Puisque l’ancien premier ministre français guigne la mairie de Barcelone, d’autres «accidentés de la politique» pourraient appliquer la «mobilité» conseillée par Bruxelles aux chômeurs, ironise Pierre Lévy, du mensuel Ruptures.
C’est une marée d’allégresse empreinte d’une profonde émotion qui a déferlé sur la France lorsqu’on a appris que Manuel Valls faisait don de sa personne à la ville de Barcelone. L’ancien premier ministre a ainsi confirmé son engagement – et même son abnégation – en faveur de la grande aventure européenne.
Ce qu’on sait moins, c’est que sa décision finale a été déclenchée par la profonde pensée conceptuelle exprimée récemment par le maître de l’Elysée concernant le chômage. Interpellé par un jeune demandeur d’emploi, on se souvient qu’Emmanuel Macron lui avait signifié qu’il n’avait qu’à traverser la rue pour trouver un job. A l’évidence, l’ancien premier ministre de François Hollande a compris la métaphore, et a enjambé prestement les Pyrénées.
A Bruxelles, la Commission a fêté l’événement. Non seulement les hommes politiques nationaux se mettent enfin à penser «européen», mais les recommandations enjoignant aux privés d’emploi de se bouger en Europe – cela s’appelle la «mobilité» – pourraient commencer à prendre corps : le jeune chômeur lisboète se sentira encouragé à partir sac au dos en Finlande s’il apprend qu’un petit boulot lui tend les bras à Helsinki. Puisque, désormais, l’exemple vient d’en haut.
L’héroïsme du député d’Evry pourrait faire des émules, notamment parmi les accidentés de la vie (politique).

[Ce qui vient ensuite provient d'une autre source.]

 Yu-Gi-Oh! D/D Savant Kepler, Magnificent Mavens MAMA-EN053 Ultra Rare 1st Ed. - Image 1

On chuchote que Jérôme Cahuzac serait tenté par le poste de premier ministre du Luxembourg. Il aurait ainsi l’occasion de renforcer encore la réputation de sévérité quant à la lute contre l’évasion fiscale que s’est taillée le Grand Duché. On pourrait même assister à un grandiose combat droite-gauche puisque François Fillon, dit-on, nourrirait les mêmes desseins.
Et puis Alexandre Benalla dont la carrière a été quelque peu troublée par un léger incident. L’ancien homme de l’ombre du Palais prépare désormais un parachutage sur Sofia. Il ne lui a en effet pas échappé que l’actuel chef du gouvernement bulgare est l’un des plus anciens membres du Conseil européen, une longévité qui découle certainement de la profession d’origine de Boïko Borissov : garde du corps. Dans un tel pays, tous les espoirs sont permis, Alexandre.
Pour sa part, Alain Juppé pourrait cette fois céder à la «tentation de Venise» sur laquelle il a amplement glosé, et troquer sa belle ville de Bordeaux contre la cité des Doges. Son ardent combat – qu’il partage avec tant de héros européens – contre le «populisme» sera particulièrement apprécié en Italie.
Le précédent président de la République française a, lui, d’autres desseins. On sait que l’actuel premier ministre grec va devoir faire face à de difficiles élections en 2019 (ou peut-être avant), tant il a appliqué de manière imaginative sa promesse de mettre fin à l’austérité. François Hollande lui serait un très digne successeur, lui qui a consacré son quinquennat à mettre fidèlement en œuvre cet engagement fondamental : combattre son ennemi juré, le monde de la finance.
L’arrivée à Athènes pourrait cependant lui être disputée par un autre héros national : l’ancien ministre d’Etat chargé de l’environnement. Après avoir claqué la porte de l’Hôtel de Roquelaure, Nicolas Hulot rêve, dit-on, de diriger un pays qui – du fait de dix ans de cure européenne renforcée – a vu disparaître de larges pans de son industrie, permettant ainsi la renaissance des sains et naturels équilibres écologiques. Pour l’ancien animateur télé, la reconversion personnelle serait un parfait exemple de transition écologique et solidaire.
On n’aurait garde, enfin, d’omettre que la malheureuse, ou plutôt la bienheureuse, Christine Boutin, guigne le poste très recherché de chef des Gardes suisses du Vatican, dans ce mercato, en l’occurrence ce mercatho, européen.
Mais foin de monothéisme, le véritable salut de l’Europe passera par la céleste ascension du Jupiter pour l’instant reclus à l’Elysée. Selon certaines rumeurs, celui-ci fait procéder à de discrets repérages sur le Mont Olympe, afin d’y prendre un jour ses quartiers éternels.
Tant il est vrai que, de Manuel à Emmanuel, l’humilité est décidément jumelle de la mobilité.
Comme aurait aimé à le répéter Jacques Prévert : «Chez le tailleur de pierre où je l’ai rencontré, il faisait prendre ses mesures pour la postérité.»